Following a recent JASA paper by Giacomo Zanella (which I have not yet read but is discussed on this blog), Sam Power and Jacob Goldman have recently arXived a paper on Accelerated sampling on discrete spaces with non-reversible Markov processes, where they use continuous-time, non-reversible algorithms à la PDMP, even though differential equations do not exist on discrete spaces. More specifically, they devise discrete versions of the coordinate sampler and of the Zig-Zag sampler, using Markov jump processes instead of differential equations, with detailed balance on the jump rate rather than the Markov kernel. A use of jump processes originating at least from Peskun (1973) and connected with MCMC algorithms in Matthew Stephens‘ 1999 PhD thesis. A neat thing about discrete settings is that the jump process can be implemented with no discretisation! However, as we noticed when working on birth-and-death processes with Olivier Cappé and Tobias Rydèn, there is a potential for disastrous implementation if an infinite sequence of instantaneous moves (out of zero probability states) is proposed.

The authors make the further assumption(s) that the discrete space is endowed with a graphical structure with a group G acting upon this graph, with an involution keeping the target (or a completion of the original target) invariant. In this framework, reversibility amounts to repeatedly using (group) generators þ with a low order (as in Bayesian variable selection, binary spin systems, where þ.þ=id, and other permutation problems), since they bring the chain back to its starting point. Their first sampler is called a Tabu sampler for avoiding such behaviour, forcing the next step to use other generators þ in the generator set Þ thanks to a binary auxiliary variable that partitions Þ into forward vs backward moves. For high order generators, the discrete coordinate and Zig-Zag samplers are instead repeatedly using the same generator (although it is unclear to me why this is beneficial, given that neither graph nor generator is not necessarily linked with the target). With the coordinate sampler being again much cheaper since it only looks at one direction in the generator group.
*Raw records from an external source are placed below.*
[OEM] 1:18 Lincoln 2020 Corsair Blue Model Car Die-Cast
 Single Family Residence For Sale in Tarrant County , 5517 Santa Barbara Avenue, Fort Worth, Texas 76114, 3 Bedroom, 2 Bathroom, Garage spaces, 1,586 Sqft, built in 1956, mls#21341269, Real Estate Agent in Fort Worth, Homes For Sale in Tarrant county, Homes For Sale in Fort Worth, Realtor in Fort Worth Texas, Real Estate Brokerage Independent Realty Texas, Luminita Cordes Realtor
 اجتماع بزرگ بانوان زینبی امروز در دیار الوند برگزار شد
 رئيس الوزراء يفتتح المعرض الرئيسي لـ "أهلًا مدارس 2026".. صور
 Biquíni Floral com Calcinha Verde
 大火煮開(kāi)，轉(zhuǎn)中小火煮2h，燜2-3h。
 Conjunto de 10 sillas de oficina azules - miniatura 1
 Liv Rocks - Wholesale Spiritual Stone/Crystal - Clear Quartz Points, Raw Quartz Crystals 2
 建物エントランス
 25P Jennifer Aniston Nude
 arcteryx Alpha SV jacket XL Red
The paper contains a range of comparisons with (only) Zanella’s sampler, some presenting heavy gains in terms of ESS. Including one on hundreds of sensors in a football stadium. As I am not particularly familiar with these examples, except for the Bayesian variable selection one, I found it rather hard to determine whether or not the compared samplers were indeed exploring the entirety of the (highly complex and highly dimensional) target. The collection of examples is however quite rich and support the use of such non-reversible schemes. It may also be that the discrete nature of the target could facilitate the theoretical study of their convergence properties.